Segment Start: PROVIDED MATERIAL
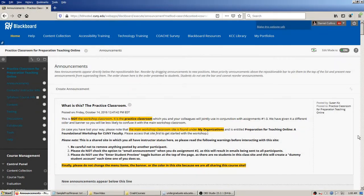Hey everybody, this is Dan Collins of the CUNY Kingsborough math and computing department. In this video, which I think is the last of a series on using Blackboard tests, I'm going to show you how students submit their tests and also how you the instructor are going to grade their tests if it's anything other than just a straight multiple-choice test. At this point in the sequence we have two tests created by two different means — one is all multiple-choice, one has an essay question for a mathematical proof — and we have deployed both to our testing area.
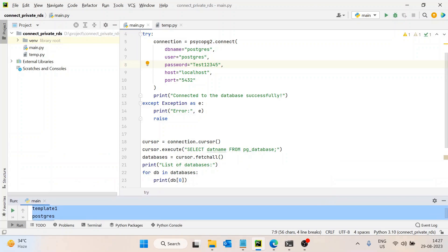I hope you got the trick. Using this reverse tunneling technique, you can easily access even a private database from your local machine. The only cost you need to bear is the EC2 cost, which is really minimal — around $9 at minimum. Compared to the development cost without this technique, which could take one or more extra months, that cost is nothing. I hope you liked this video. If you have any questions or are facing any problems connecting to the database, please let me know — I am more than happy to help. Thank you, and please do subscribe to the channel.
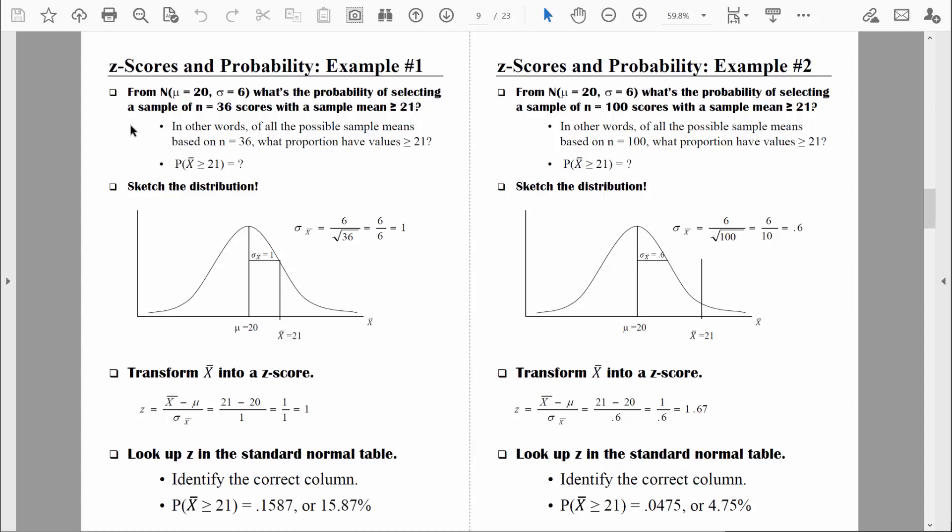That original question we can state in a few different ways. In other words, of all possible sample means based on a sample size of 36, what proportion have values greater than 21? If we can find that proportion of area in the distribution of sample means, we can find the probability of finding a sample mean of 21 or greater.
Segment End: PROVIDED MATERIAL
> _DIRECTIONS_
The copy must reproduce the listing above verbatim and contain no pictures.

> _EXERCISE OUTPUT_
Hey everybody, this is Dan Collins of the CUNY Kingsborough math and computing department. In this video, which I think is the last of a series on using Blackboard tests, I'm going to show you how students submit their tests and also how you the instructor are going to grade their tests if it's anything other than just a straight multiple-choice test. At this point in the sequence we have two tests created by two different means — one is all multiple-choice, one has an essay question for a mathematical proof — and we have deployed both to our testing area.
I hope you got the trick. Using this reverse tunneling technique, you can easily access even a private database from your local machine. The only cost you need to bear is the EC2 cost, which is really minimal — around $9 at minimum. Compared to the development cost without this technique, which could take one or more extra months, that cost is nothing. I hope you liked this video. If you have any questions or are facing any problems connecting to the database, please let me know — I am more than happy to help. Thank you, and please do subscribe to the channel.
That original question we can state in a few different ways. In other words, of all possible sample means based on a sample size of 36, what proportion have values greater than 21? If we can find that proportion of area in the distribution of sample means, we can find the probability of finding a sample mean of 21 or greater.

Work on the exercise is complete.